Music Reviews
Dan Baird

Dan Baird

SoLow

JCPL

It’s been 30 years since Dan Baird and the Georgia Satellites released their first album, with the classic rock anthem “Keep Your Hands to Yourself”, a 3:26 dose of southern frustration that on any given night a 1000 cover bands are doin’ to death. In lesser hands that would be enough to hang your hat on, but Dan Baird ain’t that guy. He stayed with the Satellites for another 2 records, including 1989’s In the Land of Salvation and Sin (more about that later). In recent years Baird has recorded and toured with “Dan Baird and Homemade Sin” featuring human dynamo Warner Hodges on guitar, crafting one hooky, pedal to the metal record after another – their latest is Rollercoaster, and they have proven every bit the equal of the Satellites in their prime, with no signs of slowing down.

But for his latest SoLow record, Baird retired to the basement, and with only Brad Pemberton (The Cardinals, The Bluefields) on drums, along with fellow Bluefield Joe Blanton on production, crafted a record that could only be made by a guy who, in the words of “Won’t Take Much” – “They say these are the golden years, but I got my doubts”- looks honestly at the growing old, losing friends and slowing down that if you’re lucky, you can achieve. And in doing so, he has made possibly his best album since Salvation and Sin.

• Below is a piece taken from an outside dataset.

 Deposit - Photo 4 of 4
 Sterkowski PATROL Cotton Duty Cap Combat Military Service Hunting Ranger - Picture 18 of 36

That record didn’t sell at all, and shortly thereafter Baird fired himself from the Satellites and started his solo career. But that record, with its wide-eyed look at the end of a marriage on songs such as “All Over but the Cryin’”, “Dan Takes Five” and the bittersweet “Another Chance”, showed Baird to be a songwriter of real depth beyond the yuks of “Keep Your Hands”. And now, with SoLow, he has elevated his game into the ranks of some great rock n’ roll songwriters ala Patterson Hood (Drive-By Truckers) and Paul Westerberg (The Replacements). This is a record of fond goodbyes and hard questions, starting off with “Cemetery Train”, whose buoyancy harkens back to Baird’s first solo record, Love Songs for the Hearing Impaired from 1992 and the single “I Love You Period”. Baird is a Zen master of cool hooks (a lot like one of his idols, Al Anderson from NRBQ), and with its irresistible chorus, “Train” sets both the tone and sound for the albums 12 cuts.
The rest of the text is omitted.